Or what do you say to cleaning up half a million cold in a fortnight, on the sale of an article indispensable to every home in the country, easily understood and never out of order, patent applied for? Well, that was what was done by Callicot Johnson--Cal. Johnson, they generally call him, at least if they're busy, or Millionaire Johnson, or Lucky Johnson--they call him a lot of names like that. You can see his picture in half the papers in the country--Bull Johnson, he's often called--you must have seen him. Well, here was a man, this Cal, or this Bull, who never knew till he was forty-one years old that he had personality, and then all of a sudden, one day--but, stop--I'll tell you later on all about this Bull, or Buffalo Johnson. They often call him Buffalo. I merely say that at present Buffalo--or Buff--is at the head of one of the biggest nut syndicates in El Paso.

Or how would you like to imagine yourself becoming the head of one of the biggest mercantile concerns in the country? Would you have any use for it? I mean, would it make a hit with you? If so, I shall have to tell you presently about Robert J. Rubberheart--Bull Dog Bob they usually call him. It occurred to Bob one day that eighty-five per cent of his efficiency was being squandered in--but, no, I'd better keep it. Suffice it to say that you can see, in the back pages of almost any of the current magazines, a picture of Bob at his mahogany desk in his office in that mercantile firm. He is pointing his finger right at his stenographer's eye, and underneath him is written, "This man earns ten dollars a minute." Well, that's Bob. He has cut out the waste of his efficiency and he has "made good."

But talking of Bull Dog Bob and the way he "made good," reminds me of a lot of other cases which I have met in my study of this big movement, of men, yes, and of women, who have "made good." Perhaps you don't realize, reader, that no matter if a man is a long way down, almost down and out, he can still "come back" and "make good." If a man has got sufficient pep and grit not to let the sand get choked out of him he will come back every time.

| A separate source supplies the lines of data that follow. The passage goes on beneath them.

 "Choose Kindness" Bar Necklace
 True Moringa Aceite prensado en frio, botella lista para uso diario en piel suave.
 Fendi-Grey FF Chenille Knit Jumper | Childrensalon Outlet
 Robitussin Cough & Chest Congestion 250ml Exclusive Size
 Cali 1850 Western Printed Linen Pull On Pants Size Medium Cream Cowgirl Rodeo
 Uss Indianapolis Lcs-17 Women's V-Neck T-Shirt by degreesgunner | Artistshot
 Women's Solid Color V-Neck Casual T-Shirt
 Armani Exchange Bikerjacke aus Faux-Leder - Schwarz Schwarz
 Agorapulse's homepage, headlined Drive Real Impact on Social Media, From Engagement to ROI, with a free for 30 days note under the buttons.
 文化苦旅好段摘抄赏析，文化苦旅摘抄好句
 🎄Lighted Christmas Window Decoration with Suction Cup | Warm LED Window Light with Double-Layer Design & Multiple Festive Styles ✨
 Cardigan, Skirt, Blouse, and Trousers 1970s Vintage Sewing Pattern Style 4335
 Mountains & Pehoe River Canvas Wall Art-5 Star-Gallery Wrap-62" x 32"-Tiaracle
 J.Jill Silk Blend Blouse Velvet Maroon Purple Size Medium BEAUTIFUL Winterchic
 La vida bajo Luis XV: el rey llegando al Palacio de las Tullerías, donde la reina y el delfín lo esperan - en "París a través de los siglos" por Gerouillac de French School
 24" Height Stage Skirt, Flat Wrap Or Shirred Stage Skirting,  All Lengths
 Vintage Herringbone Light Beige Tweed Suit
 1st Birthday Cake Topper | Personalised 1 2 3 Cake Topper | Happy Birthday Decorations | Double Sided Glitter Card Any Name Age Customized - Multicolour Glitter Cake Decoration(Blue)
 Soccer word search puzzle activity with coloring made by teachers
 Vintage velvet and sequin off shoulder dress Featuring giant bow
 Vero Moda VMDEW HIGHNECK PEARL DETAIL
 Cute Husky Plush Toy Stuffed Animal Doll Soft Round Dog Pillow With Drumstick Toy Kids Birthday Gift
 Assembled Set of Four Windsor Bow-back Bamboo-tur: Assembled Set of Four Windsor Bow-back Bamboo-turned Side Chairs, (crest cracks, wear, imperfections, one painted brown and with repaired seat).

I am thinking here specially--as no doubt you are--of the instance of the Hon. E. Final Upshot, now one of the leading men, one of the big men in the senate of Nicaragua. Yet there was a man who had been nearly beaten out by fate; health gone, friends gone, memory gone --he couldn't even have remembered his friends if he had kept them--money gone, everything in fact, except that somewhere away down in that man was sand. And so one day just by chance, Ed--his friends now always called him Honest Ed--saw in a paper . . . but don't let's spoil the story.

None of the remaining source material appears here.